((
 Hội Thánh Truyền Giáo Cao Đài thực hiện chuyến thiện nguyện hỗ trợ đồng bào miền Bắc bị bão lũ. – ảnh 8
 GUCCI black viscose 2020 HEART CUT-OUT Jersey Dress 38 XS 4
))
((
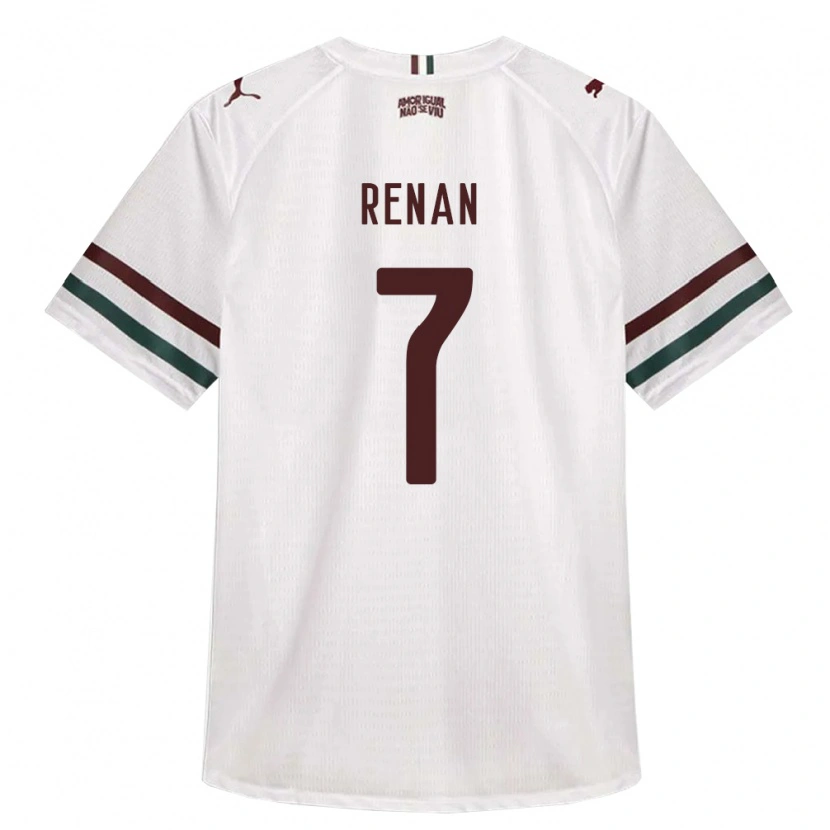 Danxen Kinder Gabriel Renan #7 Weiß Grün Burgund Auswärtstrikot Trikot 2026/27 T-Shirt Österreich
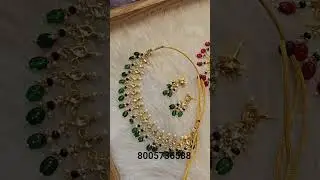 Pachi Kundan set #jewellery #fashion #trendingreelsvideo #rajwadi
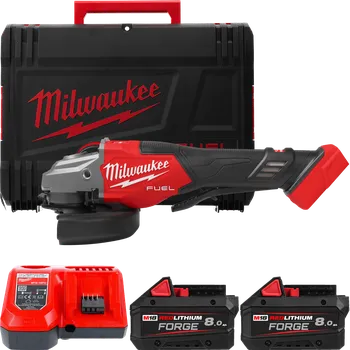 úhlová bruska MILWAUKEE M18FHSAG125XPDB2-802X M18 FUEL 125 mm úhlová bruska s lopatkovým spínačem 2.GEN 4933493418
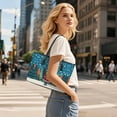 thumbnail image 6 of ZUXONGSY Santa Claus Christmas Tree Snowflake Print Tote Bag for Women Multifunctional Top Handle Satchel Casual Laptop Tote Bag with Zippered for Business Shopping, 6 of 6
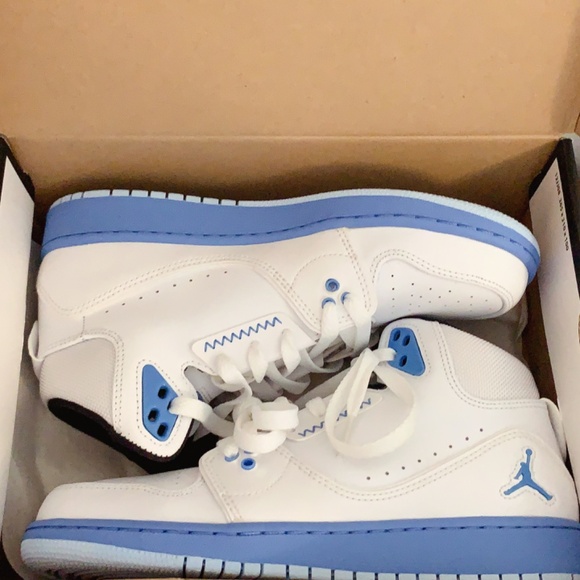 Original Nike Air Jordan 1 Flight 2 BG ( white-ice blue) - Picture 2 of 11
))
— What to do —
Take the entries above and return only the lines from the one with "Hội Thánh Truyền" to the one with "GUCCI black viscose", both included, unchanged.

— Answer area —
 Hội Thánh Truyền Giáo Cao Đài thực hiện chuyến thiện nguyện hỗ trợ đồng bào miền Bắc bị bão lũ. – ảnh 8
 GUCCI black viscose 2020 HEART CUT-OUT Jersey Dress 38 XS 4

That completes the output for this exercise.